A veces el tiempo es como si no existiera. Si le haces caso al calendario y a las arrugas que te salen como arañas debajo de los ojos, entonces sí, entonces has de asumir que el tiempo es esa cosa viscosa que todo lo va envolviendo, que va convirtiendo todo en un paisaje habitado por fantasmas. Pero hay otro tiempo que transcurre fuera de ese paisaje, en el extrarradio -o a lo mejor en los adentros, quién sabe- de esa realidad que dibujan impunemente los relojes. Es en ese tiempo interior -que no sé si era Bergson quien lo contaba- donde se alarga, desde hace más de treinta años, la amistad que me junta, implacable, desordenadamente, con Paco Esquivel.

Cuando empezaba yo a escribir en este diario, no sé si él ya había llegado o estaba a punto de llegar. El caso es que desde entonces no dejamos de sentirnos cerca, de cruzar a la vez océanos más o menos desapacibles (algunas veces, muy desapacibles), de compartir esas literaturas que cuando las cosas vienen mal dadas pueden salvarnos la vida. Un día se fueron Paco y Emi al sur, a ese sur que demasiadas veces nos empeñamos en arrinconar fuera de los mapas. Y ha sido ahí, desde hace tantos años, donde Paco y su oficio de periodista han ido desplegando otros mapas, aquellos viejos pergaminos con los que Stevenson le decía a su joven ahijado Lloyd Osbourne que la vida no es nada si la despojamos de los sueños.

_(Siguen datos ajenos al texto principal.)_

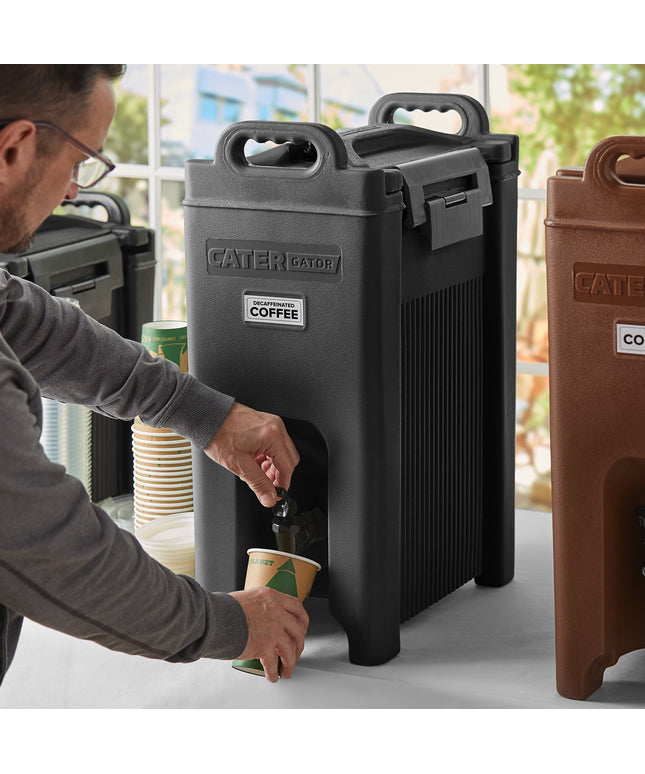 Bình đựng đồ uống cách nhiệt CaterGator 19 lít màu đen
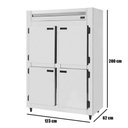 Ver imagem 2 de Geladeira Comercial 4 Portas de Inox Brilhante 220v Kofisa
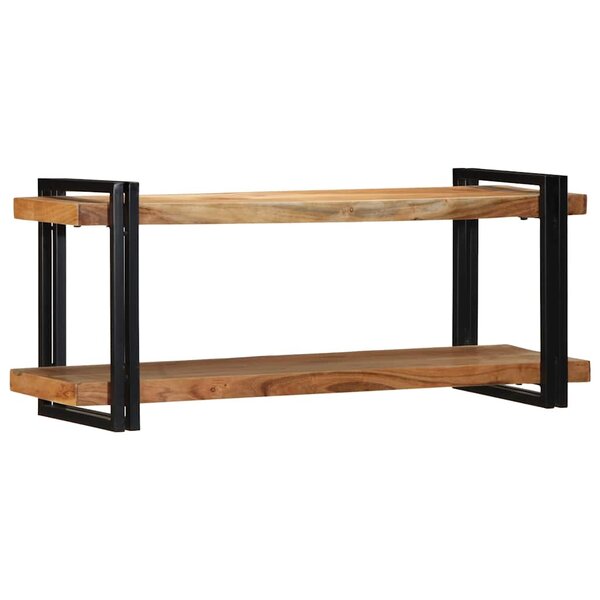 vidaXL Étagère murale 110x33x45 cm bois massif d'acacia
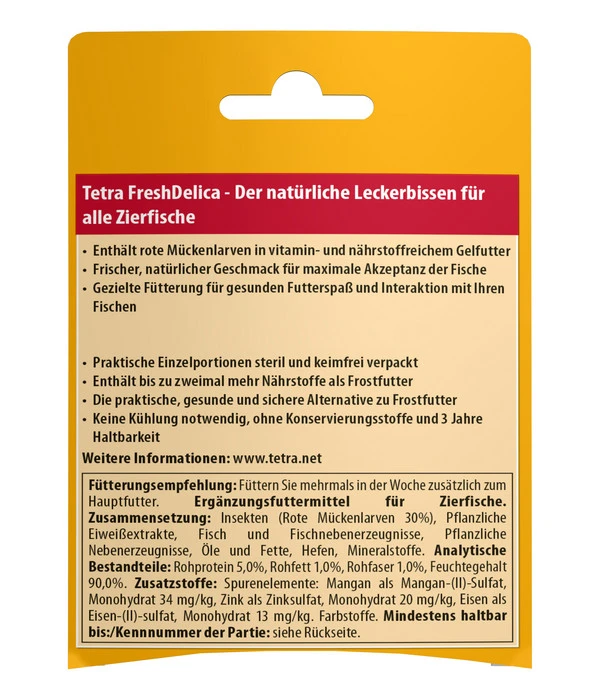 Tetra FreshDelica Rote Mückenlarven, 48 G 5 Tetra FreshDelica Rote Mückenlarven, 48 G – Bild 3
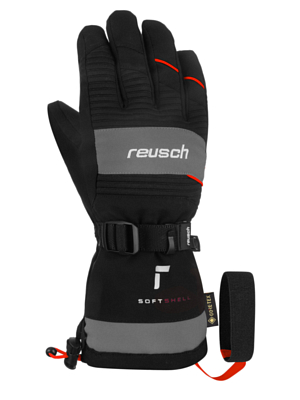 Перчатки REUSCH Maxim GORE-TEX Junior Steel Gredy/Bleck/Fulo Red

Desde aquel viaje suyo al diario Información nos habremos visto dos o tres veces. O sea, casi nada. Pero es aquí donde el tiempo adquiere la dimensión que antes les contaba. Un tiempo que no necesita señales de humo para anunciar que alguien se acerca. Las señales que nos anuncian a Paco Esquivel y a mí mismo, cuando nos encontramos aunque sea desde lejos, son las que juntan a la gente que para quererse no necesita los abrazos cada día, ni las palabras por más que auténticas del entusiasmo, ni otra cosa que no sea simple y llanamente decir que nos alegramos de seguir haciendo lo que más nos gusta en esta vida que a ratos es una mierda: escribir donde sea porque la escritura será siempre una brecha abierta a favor de la esperanza.

Los dos seguimos caminos diferentes en este oficio que hoy está tan dolorosamente y casi rendido a los pies de los caballos. Como decía Borges de Buenos Aires, no me junta hoy, a ese oficio, el amor, sino el espanto. Por eso me alegra tanto que a Paco Esquivel -y con él a su colega en el diario Información Juan Ramón Gil- le hayan concedido el Premio Eisenhower de periodismo, un reconocimiento que es en realidad el reconocimiento a eso que se llama prensa de cercanías, de indagación en el alma de los sitios y de la gente, de buscar en el tiempo de adentro el tiempo que niegan, con una impunidad que asusta, los tiempos de afuera. Han pasado ya muchos años desde entonces. Y aquí seguimos, contando lo que vemos, lo que vivimos, contra el viento y la marea de un mundo que, a mí al menos, me resulta cada vez más en bancarrota moral y más en manos del cinismo. Y es aquí, en esta línea final de los abrazos, donde me vienen a la cabeza los versos de Mario Benedetti: «Deseémonos [Paco] coraje/y buena suerte». ¡Y enhorabuena por el premio!